Beck Defies Critics as He Revels in Success

By    |   Friday, 02 July 2010 07:20 PM EDT ET

The more Glenn Beck plays a happy warrior unapologetically defending America's most cherished values, the more his enemies want to savage him.

Their latest target: “The Overton Window,” Beck's first venture into the suspense-thriller fiction genre. The book debuted at No. 1 on The New York Times best-seller list – marking six consecutive occasions that a Beck book has grabbed the top position.

"The media – and I'm seeing it now also not just in the media – it drives them crazy that I'm successful," Beck tells Newsmax in an exclusive interview on his latest best seller. "They can't figure out why."

In the foreword to “The Overton Window,” Beck predicted the book would be controversial. He expected to face the same mockery and ridicule that Sarah Palin and many other conservative writers experience from mainstream-media book reviewers.

One example of the double standard: Left-leaning authors who resort to the simplistic stereotypes of conservatives common to Hollywood movies are free to conjure the most grotesque global-Armageddon scenarios imaginable. That's just fine.
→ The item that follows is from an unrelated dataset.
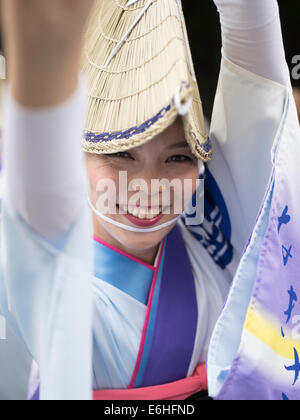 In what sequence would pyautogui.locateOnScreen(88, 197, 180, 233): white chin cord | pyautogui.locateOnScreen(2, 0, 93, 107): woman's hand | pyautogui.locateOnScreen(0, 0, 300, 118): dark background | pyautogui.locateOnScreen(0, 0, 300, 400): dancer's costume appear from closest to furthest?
pyautogui.locateOnScreen(2, 0, 93, 107): woman's hand
pyautogui.locateOnScreen(0, 0, 300, 400): dancer's costume
pyautogui.locateOnScreen(88, 197, 180, 233): white chin cord
pyautogui.locateOnScreen(0, 0, 300, 118): dark background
But when Beck proposes a rather toned-down variation on that theme, it's a different story. In fact, one reviewer suggested a well-thumbed copy of “The Overton Window” might one day be found nestled among empty ammo cases belonging to the next Timothy McVeigh-style extremist.

There, that should teach that Beck guy to write best-sellers!

“The Overton Window” holds true to its author's political sensibilities. It blends action, intrigue and romance into a story powerfully relevant to today's political scene. Its main characters are two brilliant young people who could hardly be more different. Noah Gardiner seems to have it all: education, looks and wealth. He's the rising vice president of a high-powered, New York City PR firm. The firm's owner happens to be Noah's austere, manipulative father, Arthur Isaiah Gardner.

Noah's sure-fire path to worldly success goes awry, however, when he falls in love with Molly Ross, a dedicated grass-roots activist who dresses like the "head greeter at the Grateful Dead Cultural Preservation Society."

In Molly, Noah sees an irrepressible spirit who has the one thing he lacks: a commitment to a cause that is larger than one's self. If Noah's world is all about the Benjamins, Molly's is all about promoting the liberties that the Founding Fathers put their necks in a noose to espouse.

Hopelessly smitten, Noah attends a tea party-type rally where his mind is opened to new ideas about what is really taking place just beneath the surface of American life.

What Noah doesn't realize is that while the truth may set you free, it often comes with a hefty price tag.

In Noah's case, that price is being beaten, arrested, held captive by men in black and put on a course that leads to a confrontation with his own Machiavellian father. Oh, and he gets tortured, too.

Along the way, Noah stumbles onto a vast bipartisan conspiracy – what ails America "is not about a political party," Beck insists.

The subversive scheme involves manipulating the U.S. body politic by way of "The Overton Window" principle.

“The Overton Window,” a real-life theory of human behavior, holds that public opinion will always cling to a safe middle-ground on the issues, eschewing the extreme viewpoints on either side – unless a drastic turn of events changes the paradigm, thereby making ideas once dismissed as too extreme acceptable to the American people.

Noah discovers incriminating documents that launch him into a pulse-pounding race to locate and defuse a nuclear device before it can trigger an "Overton Window" right here on American soil. One of the book's surprising twists: the dark character behind the conspiracy to trigger a Reichstag moment in America.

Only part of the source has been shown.